Повесть о Лермонтове. Не начав читать ее, я, сверх обыкновения, задумался — чем может быть наполнена повесть о Лермонтове в смысле жанра? Под повестью принято подразумевать, или можно подразумевать, среднее между рассказом и романом, произведение более широкое по охвату событий, по движению во времени и пространстве, чем рассказ, но более ограниченное, суженное, чем роман. Тут мне вспомнился бунинский «Господин из Сан-Франциско». Рассказ? А по плотности человекознания и мироведения, вложенного в него, он куда больше и шире, чем многие и многие романы.

Эти и другие размышления, о которых можно не рассказывать, были мне, как видно, нужны, чтобы приступить к чтению повести. Коль автор написал повесть о Лермонтове, то, думал я, он взялся за какие-то эпизоды, им особо изученные.

Произведение посвящено одиночеству Лермонтова. Оно — о противоречии между личностью и средой.

Один из наших опытнейших писателей, давая, по неизбежности, советы начинающим, оговорился в том смысле, что гении — особая статья, что к ним законы, коль они есть, неприменимы. Мне же казалось, что, среди прочего, гениальность также и в том, что там, где меня нужно тыкать носом годами и годами, дабы я приобрел опыт и нечто понял, гений, бросив с ходу единственный взгляд, с ходу берет ему нужное. Потому-то французская пословица: «Если бы молодость знала, а старость — могла» — сложена для нас, а не для гениев. Из нас, если кто и добивается большого, то к старости лишь, когда нет не только физических сил, сколько изжилось желание сказать слово: это желание гасится ощущением тщетности.

А гений смолоду полнозрел; с быстротой, другими не замеченной, для него самого — естественной, поэтому не замечаемой им самим, его совершенномудрие привилось на свежем, полнокровном молодом стволе, обладая свойственным молодости ощущеньем бессмертия (мысль о смерти, с которой так любят играть молодые, в действительности чужда молодому). Таков Лермонтов.

Легкая безоблачность теплых дней есть обитель героев прекрасных произведений прекраснодушных писателей. Да и как мне, не гению, знать, что гению нужно, когда он сам не знает того. Если же наспех взять несколько современников или почти современников Лермонтова, то в части признания он был удачливей хотя бы Байрона или Бальзака, не говоря уже о вовсе безвестном Стендале.

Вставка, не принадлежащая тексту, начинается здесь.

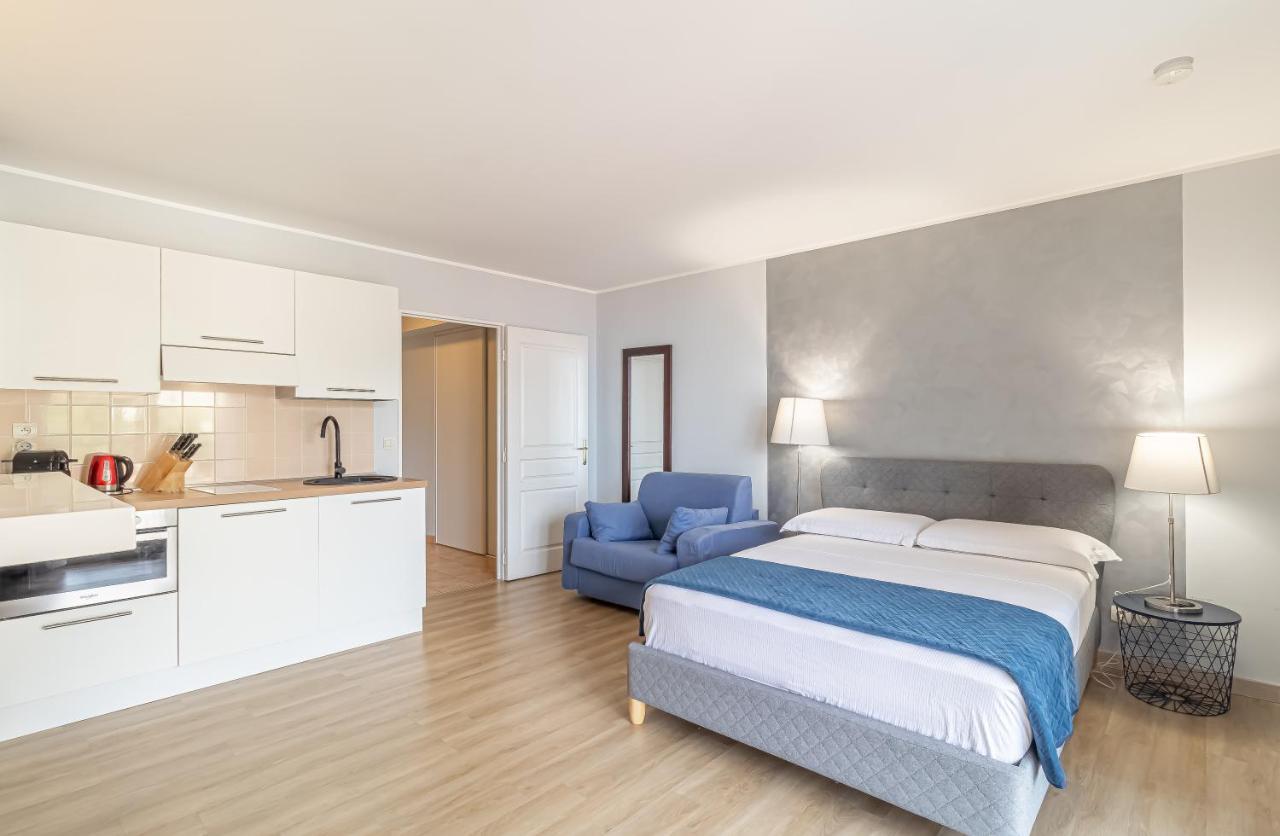 בוסוליי Apparthotel Jardins D'Elisa מראה חיצוני תמונה
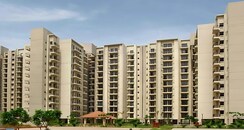 3 BHK + Extra Room Apartment For Rent in Heritage Ozone Square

Счастье? Лев Николаевич Толстой уже стариком отвечает на жалобу взрослой дочери: «Папа, я так несчастлива», — вопросом: «А разве человек может быть счастлив?»

(Биографии великих людей слишком часто приукрашены.)

Очень может быть, что именно гениальный писатель, вольный пловец живого океана Слова, наименее всех других способен быть счастливым. Очень может быть даже, что ему не нужно наше усередненное счастье негениев. Да и общество наше ему наскучит.

Но и для нас, простых, негениев, общество гения может быть тяжким. Отойдя во времени, мы наводим в прошлое бинокль, созерцаем прирученного временем и смертью избранника, которого мы чтим, как наследники. Затем переворачиваем бинокль и видим карликов, современников гиганта. Это искусственная операция, произвольная игра со временем.

Если в будущем сегодняшний день будет оценен по сделанному нами сегодня (когда о сегодняшнем дне будет возможно судить по плодам), то мы, живущие в данный миг, способны мерить себя только изменчивой мерой бегущего дня. А мера эта изменчива даже для быстрых лет нашей жизни: бывает же, что вчерашний повелитель воль и умов превращается в злодея.

Л. Н. Толстой и Ф. М. Достоевский, по свойственной их характеру скромности — что особенно ярко в Достоевском, — облегчали окружающим общением с ними. Лермонтов, на наше горе-злосчастье, был другим.

В жизни и смерти Лермонтова мне видятся две трагедии: трагедия гения и среды, как трагедия неизбежного противоречия (ведь и мы, малые люди, часто не ладим со средой), и трагедия, вытекавшая из характера самого Лермонтова… Эта склонность была опасна в годы, когда дуэлью разрешались личные столкновения не только в России.